…Беды от чужаков, беды от новомодных предрассудков, беды от современных видов спорта, беды от перенаселения, беды от роста железных дорог, беды от безграмотности и невежества, беды от вторжения хамов, беды от равнодушных вельмож… Всё идет не так, как должно. И везде одно и то же. Фермеры на грани разорения. От торговли одни убытки. Церковь в опасности. Палата лордов давно уже не та. Трон пошатнулся.
В каком-то смысле это просто сатирическое перечисление предрассудков одной узкой прослойки общества, но оно позволяет понять, какие тревоги и страхи не давали покоя даже самым, казалось бы, крепким и находчивым викторианцам. Уилки Коллинз называл это время «дни ужасного нервного истощения и расползающихся исподволь нервных недугов». Джон Морли говорил: «Все охвачены сомнениями, колебаниями и боязливым ожиданием». В 1888 году писательница Элизабет Чепмен замечала: «Всеобщий бунт против власти во всех сферах жизни есть признак неустроенной, переходной, прежде всего демократической эпохи». Журналист Т. Х. Эскотт писал: «Старые границы стираются, почитаемых идолов уничтожают». Люди ощутили сейсмический сдвиг, изменивший общество, еще до того, как смогли понять, что происходит. У многих перемены вызывали нервное истощение и страх.
Именно поэтому одним из главных образов эпохи стало крушение поезда. Воплощение нового мира, стремительного бега времени и почти невероятной скорости одновременно было символом гибели и катастрофы. На картине Тёрнера «Дождь, пар и скорость» мы видим зайца, бегущего перед локомотивом Великой Западной железной дороги, который пересекает Мейденхедский мост. Современники знали или могли вспомнить старую поговорку: «Увидишь перед собой бегущего зайца — жди беды». «Мы увидели зайца. Нам не повезет». Сам паровой двигатель стал метафорой. Журналисты обсуждали «новый усовершенствованный патентованный способ передачи законопроектов через палату лордов с помощью паровой машины». Новый предприниматель, по словам Джона Стюарта Милля, измерял «достоинства всех вещей по тому, насколько они способны увеличить количество паровых машин и могут ли сделать людей такими же удобными, как машины». Считалось, что разум и тело необходимо тренировать для жизни, «словно паровой двигатель, пригодный к выполнению любой работы». Многие восхищались мощью машин и людьми, которые их обслуживали. Один из первых летописцев хлопковой промышленности, историк Альфред Уодсворт писал: «Новые станки быстро распространились в Англии, потому что в них было заинтересовано все общество». Карлейль, напротив, осуждал благоговение перед «паровым интеллектом». Всё вокруг так или иначе сравнивали с машинами.

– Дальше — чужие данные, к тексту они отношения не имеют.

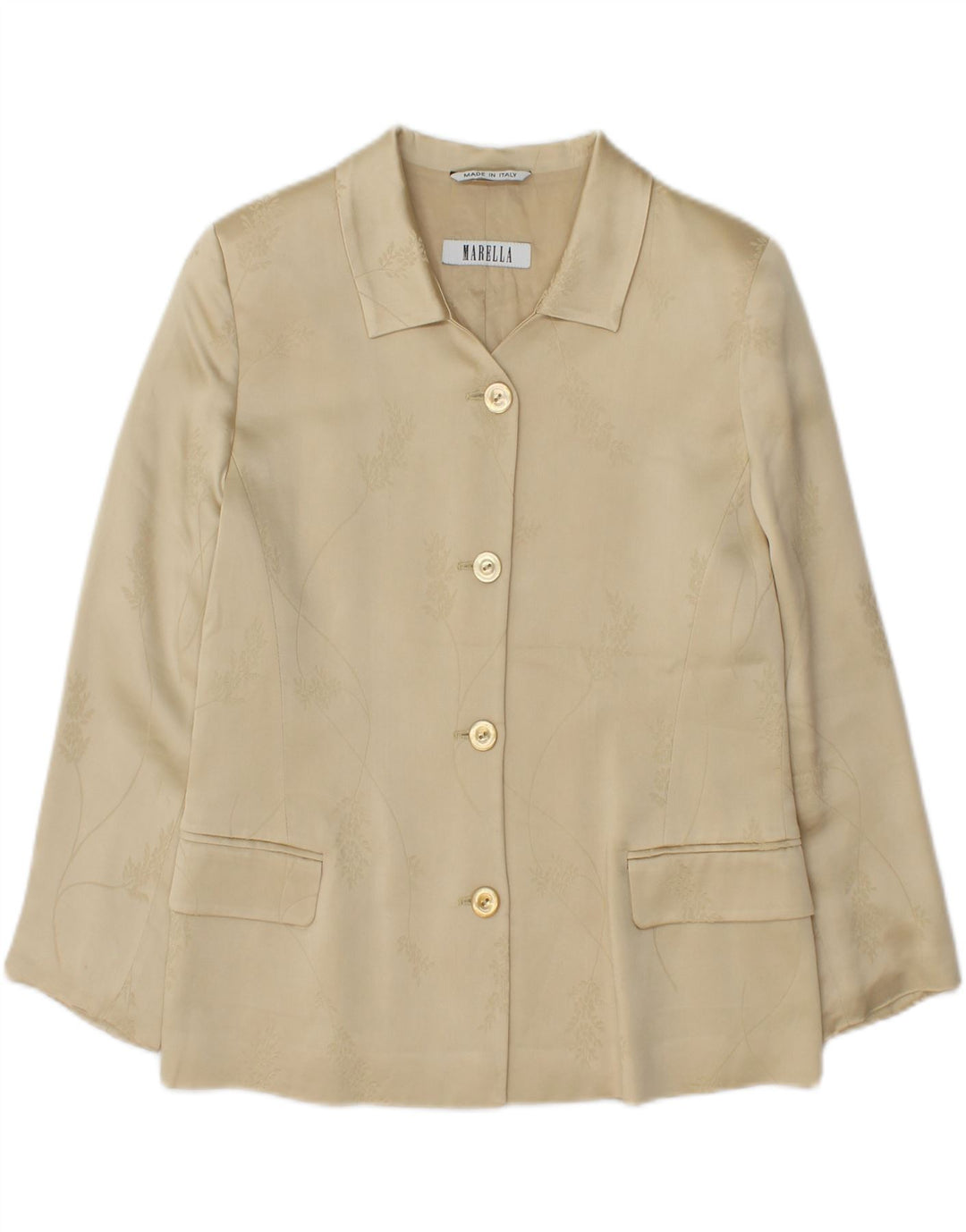 MARELLA Womens 4 Button Blazer Jacket UK 12 Medium  Beige Floral Acetate Vintage Marella and Second-Hand Marella from Messina Hembry 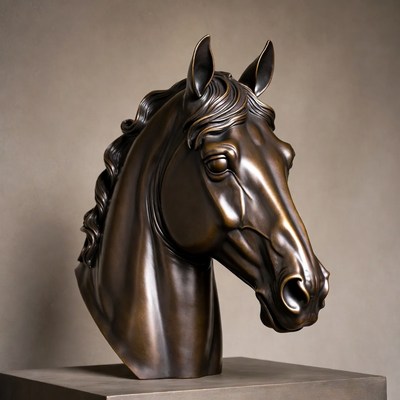 Bronze Horse Head Sculpture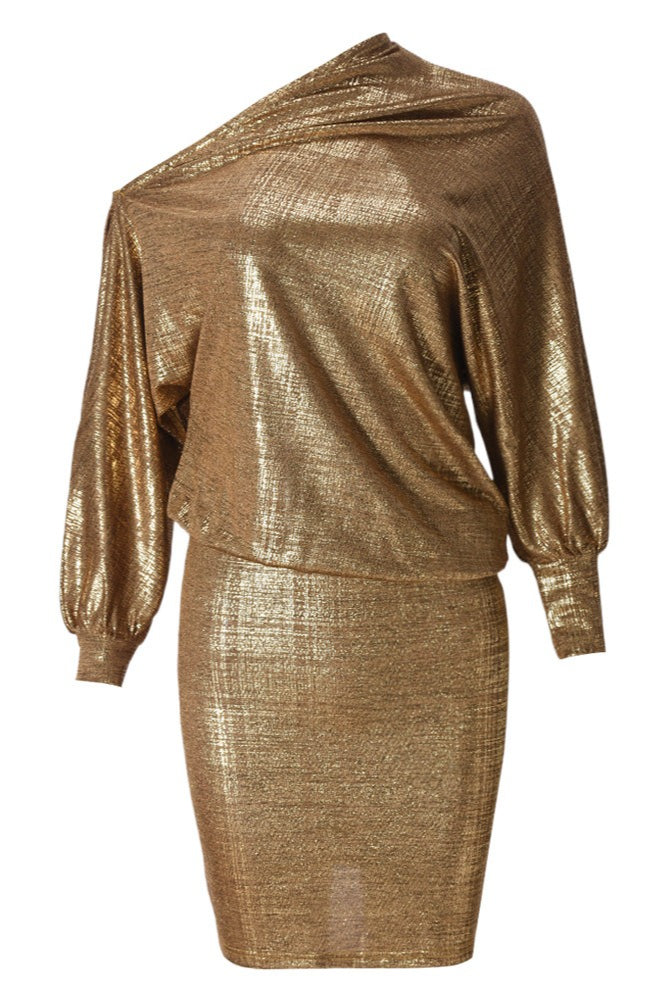 Shiny Gold Asymmetric Collar Mini Dress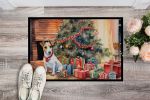 Jack Russell Terrier Cozy Christmas Doormat Front Door Mat Indoor Outdoor Rugs for Entryway, Non Slip Washable Low Pile, 24H X 36W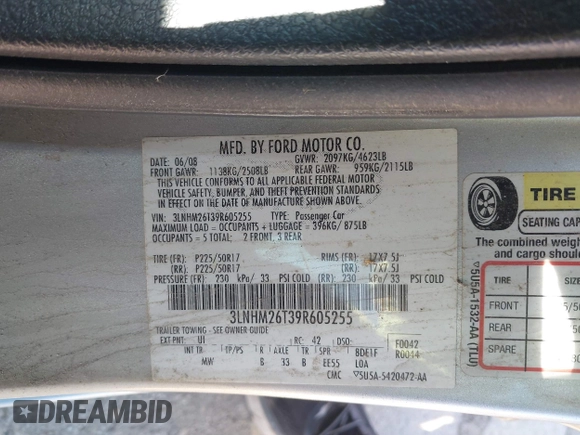 2009 Lincoln MKZ with VIN 3LNHM26T39R605255, listed as a IAAI auction lot 38514339 with 93,700 mi miles and . Bid and sale history available at DreamBid. Image 9.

У викторианцев был и другой способ смотреть на мир. В 1850-х годах, обращаясь к своим друзьям в Ньюкасле, Джордж Стефенсон так отозвался о возможностях железных дорог, мощь и масштабы которых навсегда изменили английский ландшафт: «Когда я оглядываюсь на эти грандиозные начинания, мне кажется, что нашему поколению удалось овладеть легендарными силами сказочных волшебников». Для многих это был мир нездешней магии, внезапных превращений, заклинаний и чар, где обыденное вдруг стало чудесным. Один наблюдатель назвал пожар в парламенте в октябре 1834 года «совершенно сказочной сценой». Проехав на поезде по недавно построенному туннелю Эдж-Хилл, Фанни Кембл сказала: «Ни одна волшебная сказка не сравнится с тем чудом, которое я видела».
Пытаясь уложить в голове бесконечный поток перемен и новых явлений, люди говорили о магии и колдовстве, словно это был единственный способ осмыслить происходящее. Газовое освещение улиц, строительство туннеля под Темзой, заводские станки, способные заменить тысячу рабочих рук, — все это воспринимали как чудо. На смену газу вскоре пришло электричество, — Артур Янг в своих путевых заметках 1880-х годов назвал новый электрический телеграф «системой универсальной циркуляции сведений, с электрической чуткостью распространяющей в Англии малейшие вибрации чувств и опасений от одного края королевства до другого». Буквально все вокруг дышало первозданным хаосом.